The Populares emerged as a political group with the reforms of the Gracchi brothers, who were tribunes of the plebs between 133 and 121 BC. Although the Gracchi belonged to the highest Roman aristocracy, being the grandsons of Scipio Africanus, they were concerned for the urban poor, whose dire condition increased the risk of a social crisis at Rome. They tried to implement a vast social program comprising a grain dole, new colonies, and a redistribution of the Ager publicus in order to alleviate their situation. They also drafted laws to grant Roman citizenship to Italian allies, and reform the judicial system to tackle corruption. Both brothers were nevertheless murdered by their opponents, the Optimates—the conservative faction representing the interests of the landed aristocracy, who dominated the Senate. Several tribunes of the plebs later tried to pass the Gracchi's program by using plebiscites (in order to bypass senatorial opposition), but Saturninus and Clodius Pulcher suffered the same fate as the Gracchi. Furthermore, many politicians of the late Republic postured as Populares to enhance their popularity among the plebs, notably Julius Caesar and Octavian (later Augustus), who finally enacted most of the Populares' platform during their rule.

The Populares counted a number of patricians—the most ancient Roman aristocrats—such as Appius Claudius Pulcher, Lucius Cornelius Cinna, or Julius Caesar. They were allied to politicians of lesser status, especially "new men" like Gaius Marius, or Gaius Norbanus (who might have even been a new Roman citizen).

Contents

HistoryEdit

 
Denarius of the Popularis Lucius Farsuleius Mensor, minted in 75 BC. The obverse depicts Libertas and a pileus, a probable reference to the restoration of the tribunate of the plebs that year. On the reverse, Mars helps a man in a toga into a biga, perhaps an allegory of the Populares' campaign for enrolling into the electoral rolls the Italians who had received the citizenship after the Social War.[1][2][i]

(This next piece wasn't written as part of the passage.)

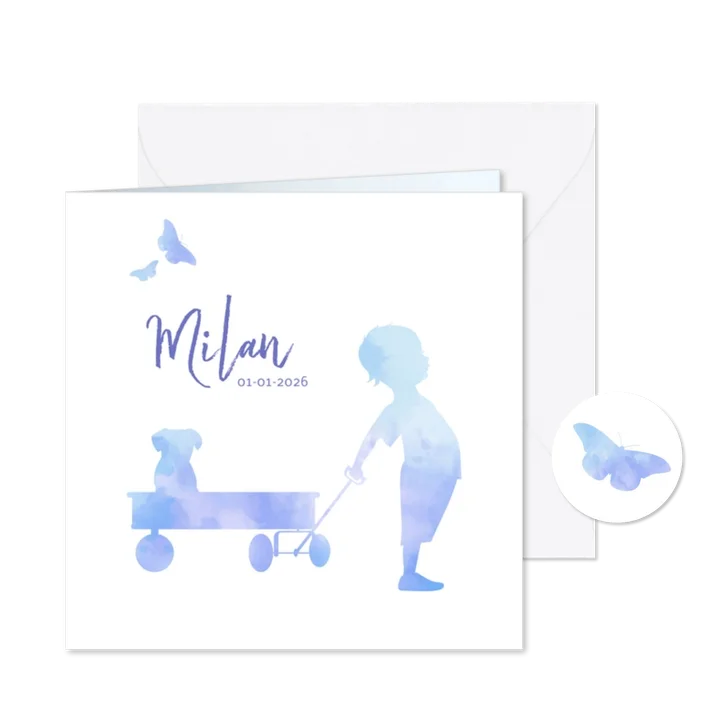 geboorte silhouet waterverf jongen avontuur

The plebeian tribunes (the representatives of the plebeians) and the Plebeian Council (the assembly of the plebeians) at times clashed with the Senate over the mentioned reforms and over the power relationship between the plebeian institutions and the Senate. The Optimates among the senators spearheaded the senatorial opposition. These tribunes were supported by Populares politicians such as Gaius Marius and Julius Caesar, who were often patricians, or equites (equestrians, the second social rank in Rome). Their conflicts also played a part in some of the civil wars of the Late Roman Republic: Sulla's first civil war (88–87 BC), Sulla's second civil war (82–81 BC), the Sertorian War (83–72 BC), Lepidus' rebellion (77 BC), Caesar's Civil War (49–45 BC), the post-Caesarian civil war (44–43 BC), the Liberators' civil war (44–42 BC) and the Sicilian revolt (44–36 BC).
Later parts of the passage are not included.